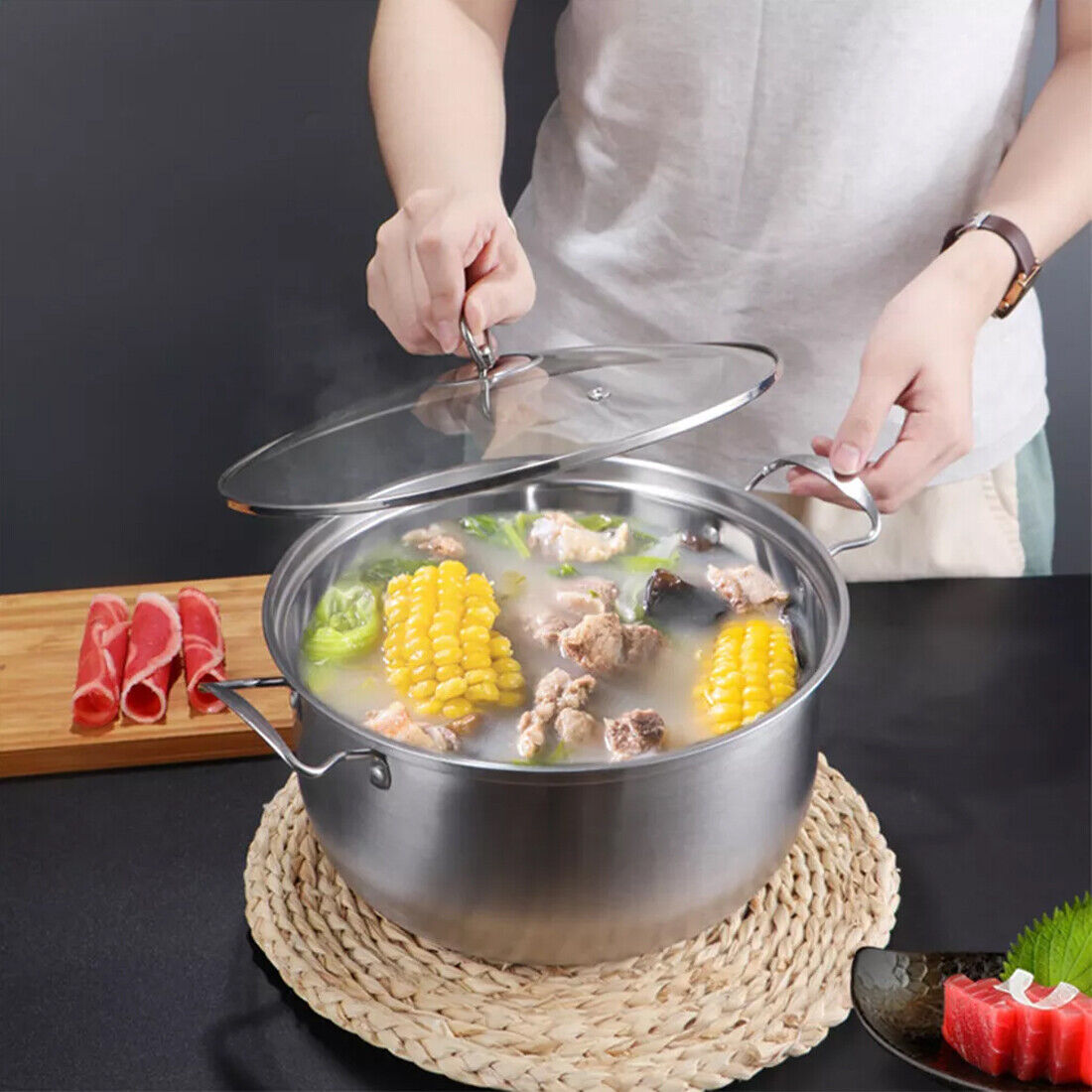 11PCS Induction Non Stick Stainless Steel Cookware Cooking Pot Pan With Lids Set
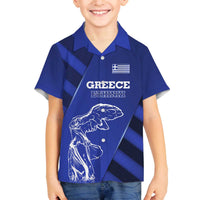 Greek Pride Family Matching Off The Shoulder Long Sleeve Dress and Hawaiian Shirt with Ancient Sculpture and National Map Graphic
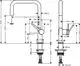 Spültischmischer von Hansgrohe mit einem schwenkbaren Auslauf und seitlichem Hebel zur Wasserregelung. Technische Zeichnung mit Maßen und Anschlussdetails.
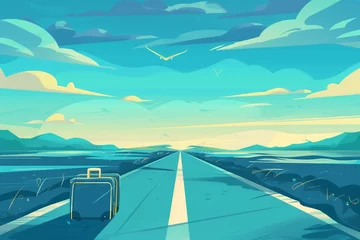 Zelfklevend Fotobehang A colorful illustration capturing the spirit of travel with a suitcase on an open road and a plane in the sky, embodying adventure and wanderlust. © Rade Kolbas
+---+
◆ YOUR ASSIGNMENT ◆
Without changing a word, restate the listing above; the pictures stay out.

◆ FINISHED TASK ◆
 11PCS Induction Non Stick Stainless Steel Cookware Cooking Pot Pan With Lids Set
 Greek Pride Family Matching Off The Shoulder Long Sleeve Dress and Hawaiian Shirt with Ancient Sculpture and National Map Graphic
 Spültischmischer von Hansgrohe mit einem schwenkbaren Auslauf und seitlichem Hebel zur Wasserregelung. Technische Zeichnung mit Maßen und Anschlussdetails.
 Zelfklevend Fotobehang A colorful illustration capturing the spirit of travel with a suitcase on an open road and a plane in the sky, embodying adventure and wanderlust. © Rade Kolbas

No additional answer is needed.